- Born: March 27, 1953 (age 73) Oslo, Norway
- Height: 5 ft 10 in (178 cm)
- Weight: 170 lb (77 kg; 12 st 2 lb)
- Position: Goalie
- GET-ligaen team: Manglerud Star Ishockey
- National team: Norway

= Jørn Goldstein =

Norwegian Olympic ice hockey player (born 1953)

Jørn Irving Goldstein (born March 27, 1953) is a Norwegian Olympic ice hockey player.

==Biography==
Goldstein was born in Oslo, Norway, and is Jewish. His mother's family, surname Schapow, immigrated to Norway from Lithuania in the early 1900s. His father, Otto Goldstein, arrived in 1947 from Germany, a Holocaust survivor who survived and was liberated in World War II from Nazi Germany's concentration camps. The family eventually moved to Ila, Trondheim.

As an 18-year old Goldstein joined Manglerud Star Ishockey, and became the team's goalkeeper.
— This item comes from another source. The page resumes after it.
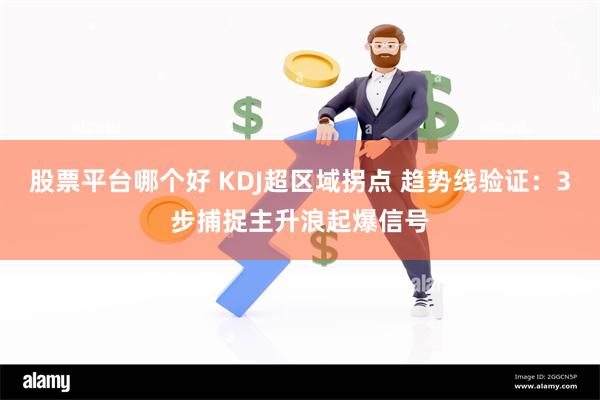 股票平台哪个好 KDJ超区域拐点 趋势线验证：3步捕捉主升浪起爆信号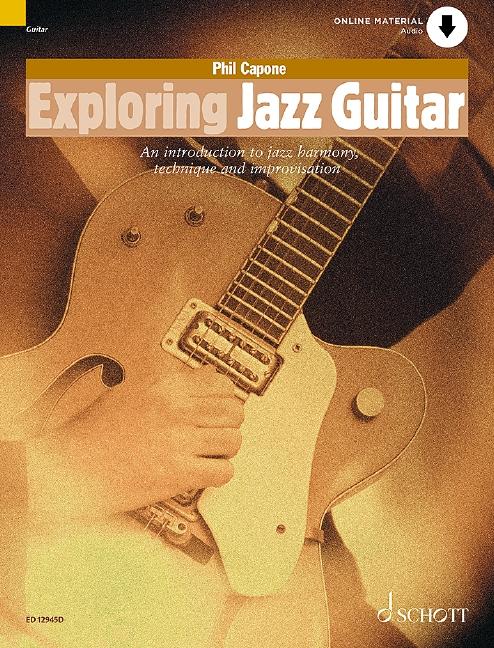 Vorderes Coverbild Exploring Jazz Guitar an Introduction to Jazz Harmony, Technique and Improvisation Book/Online Audio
Goldstein played for the Norwegian national ice hockey team, and participated at the Winter Olympics in 1984. He was awarded Gullpucken as best Norwegian ice hockey player in 1977.

In 1983, the Norwegian director Oddvar Bull Tuhus made the movie Hockeyfeber (Hockey Fever), in which Goldstein has a central role.